The City of Miami voted today to pay nearly $1 million to the estate of an unarmed man who was shot and killed by a Miami police officer.

Miami Officer Reynaldo Goyos killed Travis McNeil, 28, during a traffic stop in Little Haiti four years ago.

During an internal affairs interview about the shooting, Goyos said that during the traffic stop McNeil reached toward his waistband area.

“At that time I said 'don’t do it,' gave him a loud verbal command: 'Don’t do it.' And at that time I saw a black object coming up,” he said in the interview.

That’s when Goyos shot McNeil, killing him.

Investigators found no weapon in the car, only two cellphones near McNeil’s feet. 

Miami commissioners agreed to pay McNeil’s estate $975,000, but admitted to no wrongdoing. In an interview Thursday, Sheila McNeil said the money means nothing to her.

“There’s no such thing as closure when you lose a child. No amount of money will bring him back,” she said.

Officer Goyos was fired, but got job back through arbitration last year. McNeil left behind a 14-year-old son and 7-year-old daughter.

Sheila McNeil said the one positive thing about the settlement is that her grandchildren, Travis’s children, will be financially comfortable.

But she wishes her son was still here to be a father to his kids. Money can’t replace that, she said through tears.

Travis McNeil Jr. turned 14 in November. Sheila McNeil said their family threw him an all-white party. They celebrated how she imagines her son would have done for his namesake.

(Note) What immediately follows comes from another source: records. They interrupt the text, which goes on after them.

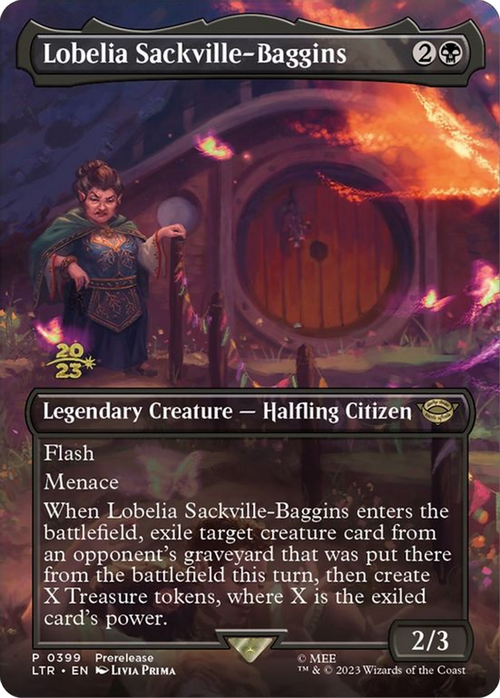 Lobelia Sackville-Baggins (0399) (PRE-399) - Tales of Middle-earth Promos (Borderless) Foil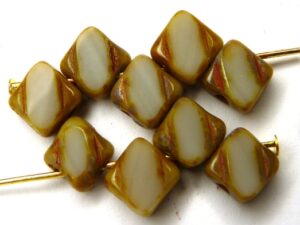 SL-43010-86805-TC Table Cut Silky Bead Opaque Grey Travertin 30 Pc.-8837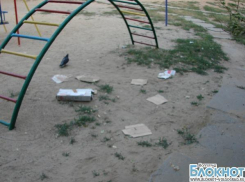 В Волгограде на улице 8-й воздушной 35, местная УК не убирает двор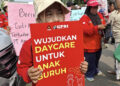 Ratusan Buruh Kepung Kemnaker, Tuntut Hentikan PHK Massal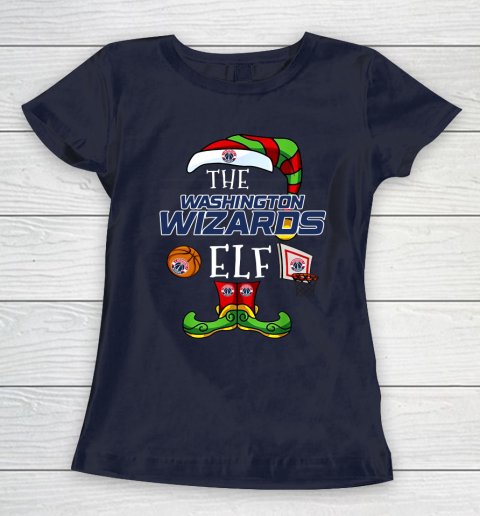 Washington Wizards Christmas ELF Funny NBA Women's T-Shirt 2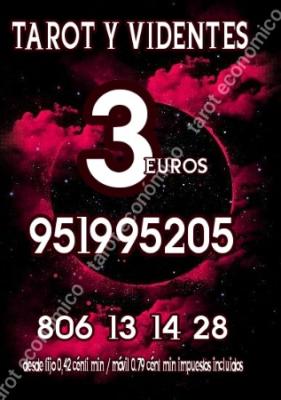 3 euros tarot y videntes 806 desde 0.42€/minutos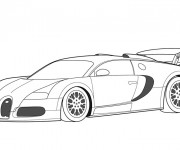 Coloriage et dessins gratuit Auto de course Maybach à imprimer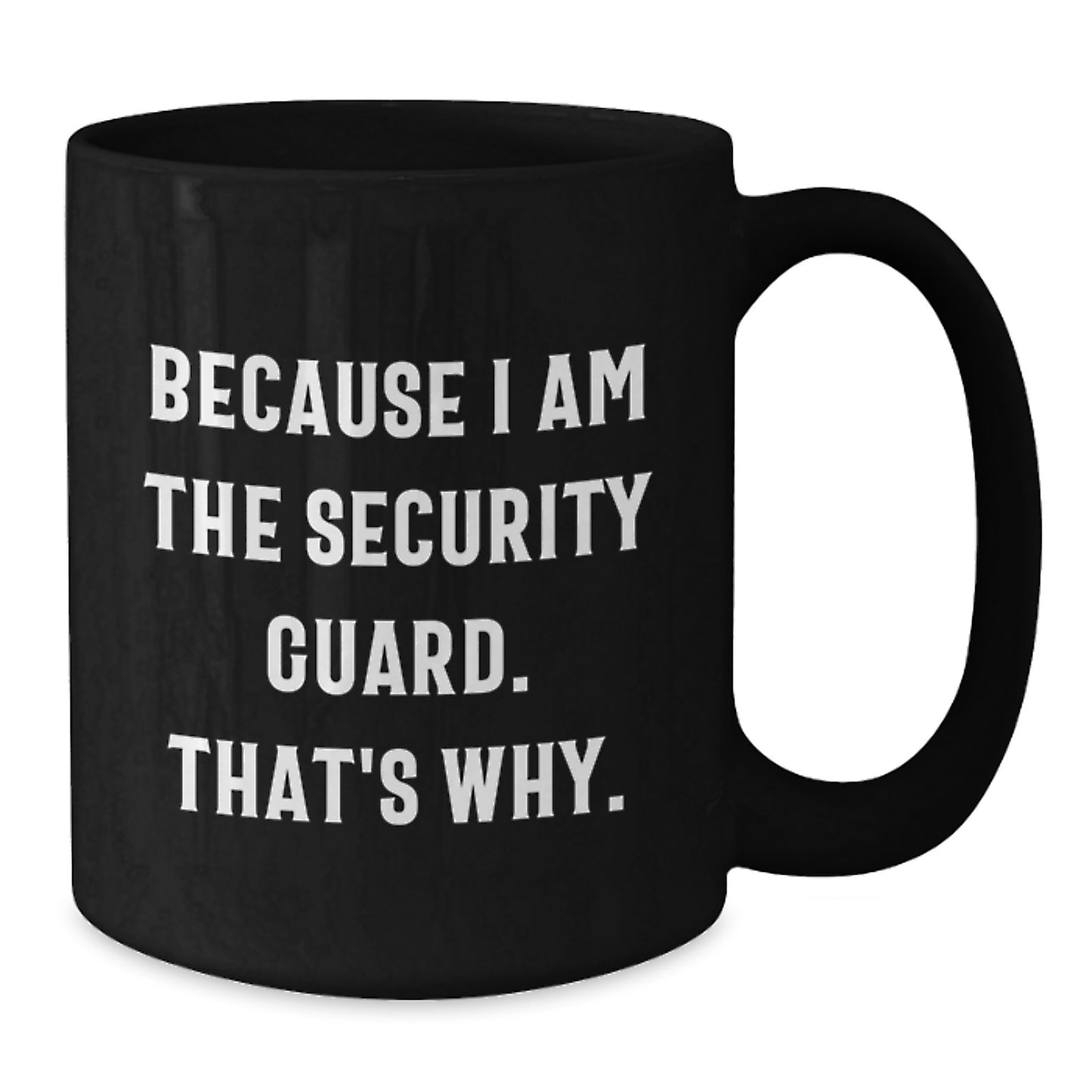 Funny Security Guard Coffee Mug Gifts for Him Birthday Unique Presents from Friends and Family - Additional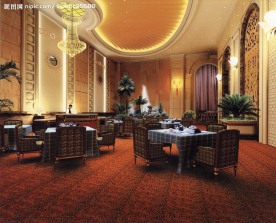 鹏润大厦酒店咖啡厅角度二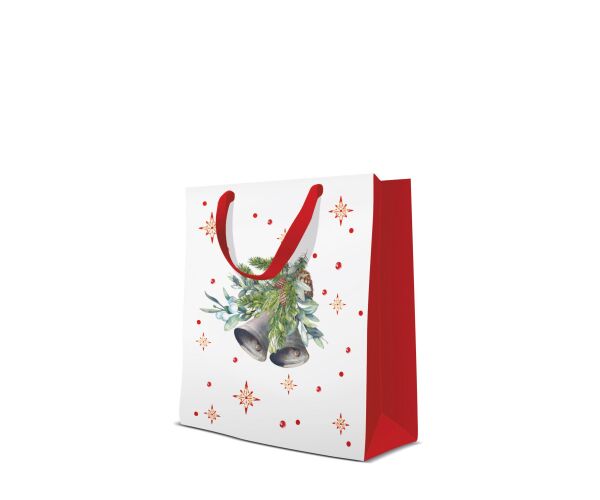 Vánoční papírová taška Paw Jingle Bells střední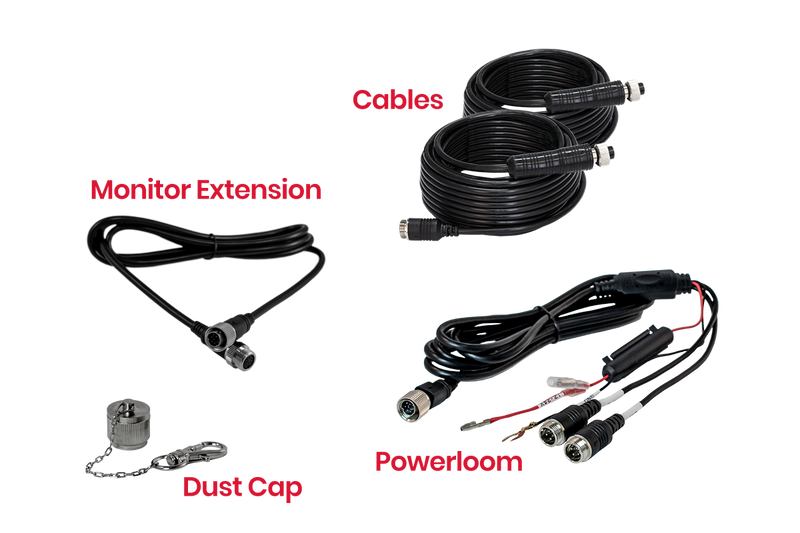 SafetyDave 7" AHD Mirror Rear Vision Kit (92° AHD Eyeball Camera)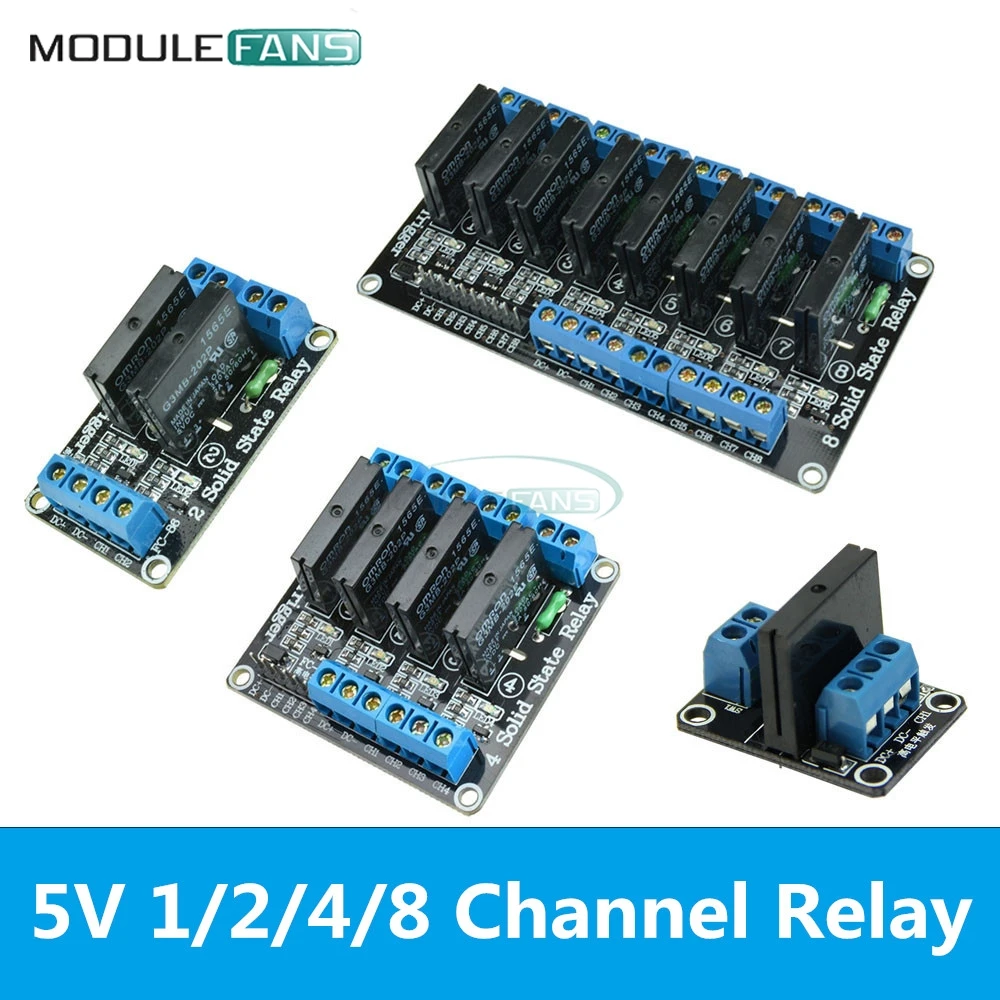 5V G3MB-202P 1 Channel OMRON SSR Relay Relay Módulo Solid State For Arduino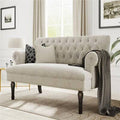 Linen Chesterfield Settee Loveseat U40050
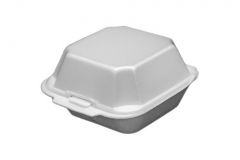 Ecopax 225 Foam Takeout Container 5-5/8" x 5-3/4" X 3-1/4", White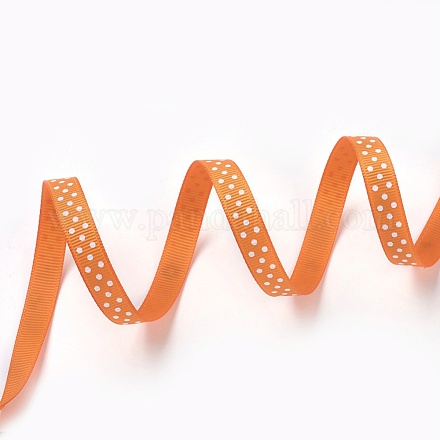 Poca Ribbon Wholesale Polka Dot Ribbon Grosgrain Ribbon - Pandahall.com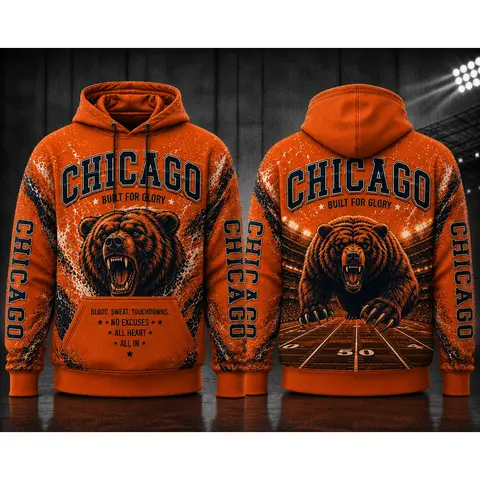 Men's Soft Vintage Oversized Graphic Sweatshirt - Retro All-Over Print Streetwear Winter Hoodie, Matching Couple Outfit, Birthday Holiday Gift for Loved Ones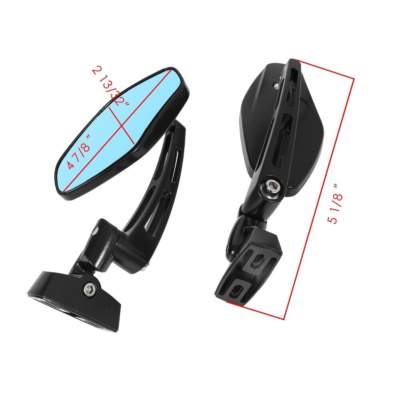 Smoke Blue Motorcycle Rear View Mirrors For Kawasaki 250 500 ZX6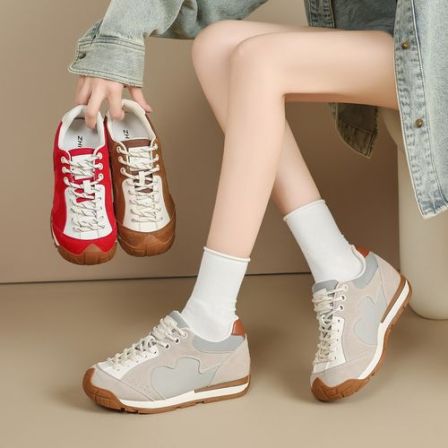 【安静专属】ZHR则则4.5厚底休闲鞋2025秋季多巴胺百搭系带女鞋KD96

Travis Jr. is an honor roll student, but McNeil said she worries about her grandson, who sometimes asks, “Why did the police kill my daddy?”

“He’s becoming a young man now,” she said. “He needs his father”

At times, McNeil wonders if she could have prevented her son’s death. She thinks maybe if when the first, second or third, black man was killed by Miami police, maybe if she got as angry as when Travis became the seventh black man killed in less than in a year­ and organized and rallied the community – maybe her son would still be alive.

Few things bring her peace, but she said at least there hasn’t been another victim after her son was killed.

“We have to pray that his death won’t be in vain and I don’t think it was,” she said. “Because right after Travis died the shootings stopped.”